Date: June 8, 2004
House Committee on the Judiciary Approves H.R. 1731, the Identity Theft Penalty Enhancement Act
On May 12, 2004, the House Committee on the Judiciary marked-up and ordered to be reported H.R. 1731, the "Identity Theft Penalty Enhancement Act". Similar language passed the Senate unanimously last year on March 19, 2003 as S. 153 (See Legislative Bulletin 108-3).
H.R. 1731 would establish penalties for aggravated identify theft, i.e., identity theft in connection with the commission of a felony. As reported by the House Judiciary Committee, H.R. 1731 includes the following provisions of interest to SSA:
Prescribe a sentence of two years' imprisonment for knowingly transferring, possessing, or using, without lawful authority, a means of identification of another person during and in relation to specified felony convictions, including (1) violations of 18 U.S.C. 641 (relating to theft of public money, property, or rewards) and (2) violations relating to sections 208, 811, and 1632 of the Social Security Act, relating to the Social Security, Supplemental Veterans' Benefits, and SSI programs.
With regard to a conviction under 18 U.S.C. 641, provide for aggregating the amounts from all counts for which a defendant is convicted in a single case. Present law provides for a maximum prison term of one year when the value of the subject property does not exceed $1,000. Since some courts do not combine the value of the amounts from all counts in imposing sentence, the proposed change would facilitate the imposition of longer prison sentences by those courts.
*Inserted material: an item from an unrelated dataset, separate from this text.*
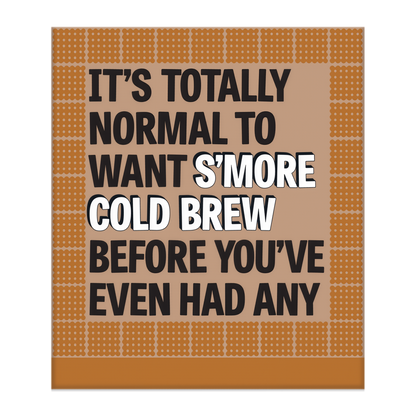 Wandering Bear Straight Black Organic Cold Brew Coffee On Tap 96 oz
Prohibit a court from (1) placing any person convicted of such a violation on probation; (2) reducing any sentence for the related felony to take into account the sentence imposed for such a violation; or (3) providing for concurrent terms of imprisonment for a violation of this Act and any other violation, except, in the court's discretion, an additional violation of this section.
Expand the existing identity theft prohibition to: (1) cover possession of a means of identification of another with intent to commit specified unlawful activity; (2) increase penalties for violations; and (3) include acts of domestic terrorism within the scope of a prohibition against facilitating an act of international terrorism.